Мало того, хорошо известно, что политический террор и насилие всегда направлены преимущественно против мужской части населения, а в стране в 1929 году имелось только 45,8 млн. людей мужского пола старше 14 лет, и уничтожение 60 млн. человек неизбежно означало бы исчезновение мужчин вообще…
У Гольданского, надо сказать, были столь же безответственные предшественники, предлагавшие примерно те же цифры потерь, и основательный специалист в области демографии С.Максудов (А.П.Бабенышев), в 70-х годах эмигрировавший из СССР в США, еще в 1991 году весьма остроумно писал, что если верить подобным "демографам", "все взрослые мужчины к началу войны погибли или сидели за решеткой. Все и немного больше…"
В начале 90-х годов группа сотрудников Госкомстата осуществила тщательнейшее исследование изменений численности населения СССР с 1920 по 1959 годы (кстати, с полученными результатами в общем согласился и упомянутый ученый-эмигрант), которое, в частности, вошло в качестве приложения в изданный в 1994 году энциклопедический словарь "Народонаселение". Это исследование позволяет с большой степенью достоверности установить, какова была "сверхсмертность", вызванная коллективизацией и голодом 1933 года.
Прошу извинения у читателей, не склонных иметь дело с цифрами, но без цифр в данном случае обойтись нельзя. Подсчитано, что из живших в СССР в начале 1923 года людей к началу 1928 года умерли 7,7% (то есть ежегодная смертность составила 1,5% общей численности населения). Как известно, в это пятилетие не было ни коллективизации, ни массового голода, ни сколько-нибудь значительных репрессий.
А вот в трагическое пятилетие 1929-33 годов смертность резко повысилась: за это время умерли 11,9% из живших в начале 1929 года — на 4,2% большая доля, чем в "мирных" 1923-27 годах. И есть все основания полагать, что эти "дополнительные" проценты и выражают "сверхсмертность" тех тяжких лет. В абсолютных цифрах эти 4,2% от 154,6 млн. населения начала 1929 года — 6,5 млн. человек. Цифра, конечно же, страшная, но поистине бессовестно увеличивать ее почти в 10 раз!

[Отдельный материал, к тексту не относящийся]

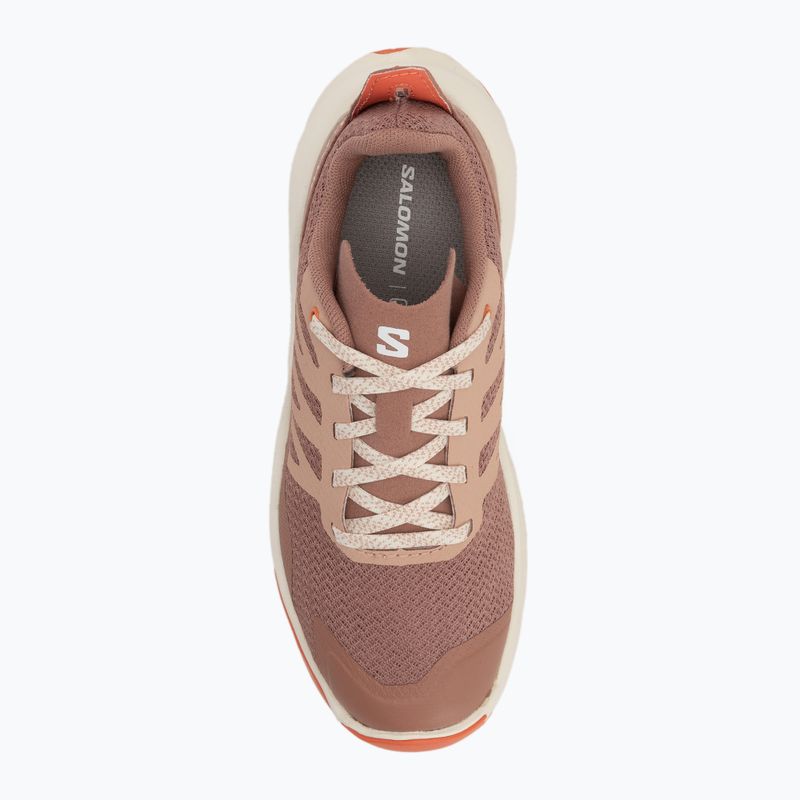 Wanderschuhe Kinder Salomon Patrol burlwood/vanilla ice/emberglow 5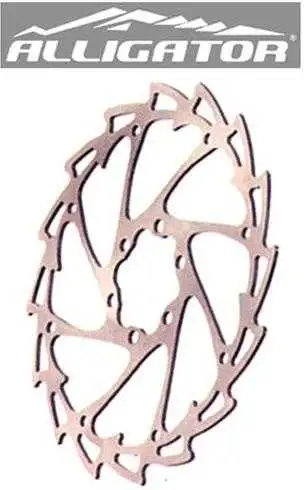Bromsskiva cykel Alligator 6"/160 mm 6 bult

Гольданский пишет еще о позднейших расстрелах и об умерших заключенных. Но эти-то цифры уже давно и точно известны, ибо соответствующие "органы" вели неукоснительный, строго засекреченный учет (результаты его были опубликованы, например, в №№ 6 и 7 журнала "Социологические исследования" за 1991 год). С 1921-го по 1953-й годы по политическим обвинениям было вынесено 642 980 смертных приговоров. Что же касается умерших в заключении, при их учете не разграничивались "политические" и уголовники; всего умерли в 30-40-х годах 963 766 заключенных, притом 577 789 из них, то есть почти 60% — умерли в 41-44 годах, когда из-за войны резко снизились нормы питания; следовательно, это были, скорее, жертвы войны, нежели режима. Поскольку "политические" составляли в среднем треть заключенных, то вероятное число погибших из них — 0,3, максимум 0,4 млн. человек.